We offer products for both types of training - self-paced and instructor-lead.  Our CD-rom Courses and Self-study Manuals are designed for self-paced training while our Instructor's Curriculums are designed to help instructors teach live CNC classes.  We often receive questions from instructors regarding which method is best - or at least - which method we recommend based upon their particular situation.  In this short article, we provide some of our thoughts.  We'll describe how our materials are currently being used to make certain points.

Self-paced training

As the name implies, students complete this kind of training at a pace that suits their allotted time, schedule, and aptitude. What the name doesn't imply is that with self-paced training, the student is often left completely on their own to learn. In many cases, they will view videos, read, and do exercises and assignments without the help of an instructor. A facilitator (most commonly an
instructor) should be available to direct them and answer questions, but for the most part, the student learn on their own.

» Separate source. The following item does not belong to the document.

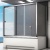 Шторка на ванну Good Door Screen WTW-120-G-CH 120 профиль Хром стекло матовое Шторка на ванну Good Door Screen WTW-120-G-CH 120 профиль Хром стекло матовое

The main benefit to the student is that it allows them to study at times when it best suits them. They learn on their schedules, not a school's schedule. This, lets people fit their education into their busy lives. Frankly speaking, there aren't many more benefits to self-paced training that I can think of.

Students with good motivation and aptitude for the subject matter do well with self-paced training, and won't need much help as they go through the material. Unfortunately, people with lesser motivation and aptitude levels may struggle with self-paced training materials. Most materials - like books and videos, can only present the subject matter in one manner. It cannot "roll with the punches" when students have special needs.

Self-paced (also called "open in / open out") training has allowed schools to offer training in a subject matter even with a small number of students. And it has allowed schools to meet the needs of students that have limited time to spend at the school. Frankly speaking, some programs probably wouldn't exist if they couldn't be offered as self-paced training programs.

Self-paced training can be time consuming for the facilitator when many students are participating in the same course at the same time - and especially when they're having problems. The instructor may have to explain the same concepts over and over - in a one-on-one manner with students. This may not be the best use of an instructor's time.

Instructor-lead training

In this training environment, much of - if not all of - the material is presented by an instructor in a classroom setting. Students are commonly asked to do reading assignments and other exercises as homework, but the majority of learning occurs in the classroom.

The main benefit to this kind of training is that the student has the ability to question the instructor at the moment they don't understand an important point. They also hear other student questions, ensuring that they understand the concepts being presented. Based upon students' questions, the instructor gets immediate feedback - and can elaborate when students are having problems.

Our suggestions

Ideally, you should be able to offer both training options and apply whichever is best to each situation. For example, one instructor I know of - a technical/vocational high school teacher that also provides adult education classes - told me that he doesn't want the high school students to use the self-paced training materials. Through experience, he has learned that high school students just don't have the motivation to do well with self-paced training - at least not in his school. So he presents live classes with lectures to get the subject matter through to his high school students.

On the other hand, his adult education students do have the motivation to learn well from self-paced training materials - and he incorporates them into his adult education classes.

More specifically, this instructor is using our CNC curriculum materials to teach live classes for his high school students. He is using our CD-rom courses to provide the materials for his self-paced adult education classes.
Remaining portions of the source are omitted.